Bawn, Castletown, Co. Laois
This tower house, formally catalogued as LA028-042, stood in remarkably good condition as recently as 1800, but the intervening centuries have not been kind to this medieval stronghold. Today, only the southeast gable survives, standing some 30 to 40 feet high with walls that measure an impressive eleven feet thick at ground level; a testament to the substantial construction methods employed by its original builders.
The castle once commanded a raised defensive position within a bawn, a fortified enclosure typical of Irish tower houses. Though the protective wall that formed this bawn has largely crumbled away, keen observers can still trace its foundations to the west of the surviving gable, designated as LA028-0420010 in archaeological records. William Carrigan, writing in his comprehensive history of Ossory in 1905, noted that even by his time, most of the structure had already been destroyed, lamenting the loss of what had been an almost perfectly preserved castle just a century earlier.

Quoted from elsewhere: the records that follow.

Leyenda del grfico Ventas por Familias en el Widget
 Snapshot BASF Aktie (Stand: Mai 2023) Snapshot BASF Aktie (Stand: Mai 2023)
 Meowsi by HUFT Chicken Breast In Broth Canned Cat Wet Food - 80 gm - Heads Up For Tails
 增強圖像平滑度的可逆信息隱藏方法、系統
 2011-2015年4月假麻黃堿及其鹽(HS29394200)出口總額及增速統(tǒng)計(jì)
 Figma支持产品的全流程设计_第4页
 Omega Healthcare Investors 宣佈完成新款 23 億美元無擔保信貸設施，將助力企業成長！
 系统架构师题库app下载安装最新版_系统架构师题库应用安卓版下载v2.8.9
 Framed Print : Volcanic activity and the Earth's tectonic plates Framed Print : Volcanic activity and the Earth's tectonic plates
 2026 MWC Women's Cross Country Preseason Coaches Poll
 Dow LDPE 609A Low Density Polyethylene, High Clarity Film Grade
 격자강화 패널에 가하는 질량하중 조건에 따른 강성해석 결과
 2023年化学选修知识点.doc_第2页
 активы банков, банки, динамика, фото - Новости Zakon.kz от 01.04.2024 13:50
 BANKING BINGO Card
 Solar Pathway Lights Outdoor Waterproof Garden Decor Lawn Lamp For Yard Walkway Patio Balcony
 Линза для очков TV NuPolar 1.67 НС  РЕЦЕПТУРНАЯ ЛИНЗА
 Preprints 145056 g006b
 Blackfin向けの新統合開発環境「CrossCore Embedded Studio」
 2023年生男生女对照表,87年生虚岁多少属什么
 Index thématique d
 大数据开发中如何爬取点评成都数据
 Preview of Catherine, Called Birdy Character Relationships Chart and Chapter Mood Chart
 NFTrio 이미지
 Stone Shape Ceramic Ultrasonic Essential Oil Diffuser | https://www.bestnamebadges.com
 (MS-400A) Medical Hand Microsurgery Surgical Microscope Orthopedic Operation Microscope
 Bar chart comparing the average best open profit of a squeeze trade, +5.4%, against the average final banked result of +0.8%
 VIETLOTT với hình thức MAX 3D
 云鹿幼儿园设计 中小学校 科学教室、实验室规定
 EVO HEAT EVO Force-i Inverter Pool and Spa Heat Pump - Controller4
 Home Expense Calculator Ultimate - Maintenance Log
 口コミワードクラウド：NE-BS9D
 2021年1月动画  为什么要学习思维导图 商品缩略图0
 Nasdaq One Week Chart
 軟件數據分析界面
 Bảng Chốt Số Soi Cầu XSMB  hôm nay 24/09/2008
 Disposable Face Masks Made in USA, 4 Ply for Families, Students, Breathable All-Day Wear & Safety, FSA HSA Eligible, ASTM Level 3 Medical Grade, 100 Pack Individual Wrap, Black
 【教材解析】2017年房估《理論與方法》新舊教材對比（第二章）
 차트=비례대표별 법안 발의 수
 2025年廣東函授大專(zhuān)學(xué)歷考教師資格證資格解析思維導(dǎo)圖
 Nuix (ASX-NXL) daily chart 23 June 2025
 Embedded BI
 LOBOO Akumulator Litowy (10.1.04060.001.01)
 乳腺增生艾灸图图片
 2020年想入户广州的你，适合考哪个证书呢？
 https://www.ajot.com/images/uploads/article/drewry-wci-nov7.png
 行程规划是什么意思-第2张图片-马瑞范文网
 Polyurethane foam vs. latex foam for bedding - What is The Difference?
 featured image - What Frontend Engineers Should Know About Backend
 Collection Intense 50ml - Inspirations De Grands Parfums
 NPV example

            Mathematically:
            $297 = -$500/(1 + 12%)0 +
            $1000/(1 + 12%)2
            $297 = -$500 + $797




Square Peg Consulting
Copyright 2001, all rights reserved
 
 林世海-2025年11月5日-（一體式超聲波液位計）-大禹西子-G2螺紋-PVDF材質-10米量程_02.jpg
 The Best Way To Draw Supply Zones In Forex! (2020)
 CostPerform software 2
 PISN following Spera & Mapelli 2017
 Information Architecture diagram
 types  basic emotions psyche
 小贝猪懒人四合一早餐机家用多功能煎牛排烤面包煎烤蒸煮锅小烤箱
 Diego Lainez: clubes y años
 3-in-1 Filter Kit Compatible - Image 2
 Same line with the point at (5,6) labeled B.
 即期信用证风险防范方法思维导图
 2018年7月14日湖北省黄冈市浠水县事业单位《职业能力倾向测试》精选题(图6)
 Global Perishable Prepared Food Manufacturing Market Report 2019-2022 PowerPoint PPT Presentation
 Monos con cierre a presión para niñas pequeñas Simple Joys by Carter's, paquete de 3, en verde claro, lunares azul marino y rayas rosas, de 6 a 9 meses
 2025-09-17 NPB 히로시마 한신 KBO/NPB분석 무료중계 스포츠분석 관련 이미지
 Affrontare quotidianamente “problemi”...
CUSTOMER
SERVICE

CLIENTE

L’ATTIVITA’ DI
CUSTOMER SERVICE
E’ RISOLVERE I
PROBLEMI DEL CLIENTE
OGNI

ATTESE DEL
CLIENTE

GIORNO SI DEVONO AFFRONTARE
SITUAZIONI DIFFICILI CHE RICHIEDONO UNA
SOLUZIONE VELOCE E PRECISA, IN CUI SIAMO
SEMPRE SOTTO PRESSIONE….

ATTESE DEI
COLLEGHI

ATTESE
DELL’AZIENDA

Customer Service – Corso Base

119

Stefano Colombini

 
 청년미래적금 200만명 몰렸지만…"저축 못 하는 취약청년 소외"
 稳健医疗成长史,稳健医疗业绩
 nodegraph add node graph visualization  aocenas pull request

The site represents a common story across the Irish landscape, where once formidable defensive structures have gradually surrendered to time, weather, and human activity. The substantial thickness of the remaining walls hints at the castle’s former strength and importance, whilst the elevated position and evidence of the surrounding bawn suggest this was more than just a simple defensive tower; it was likely the centre of a small but significant local power base during Ireland’s turbulent medieval period.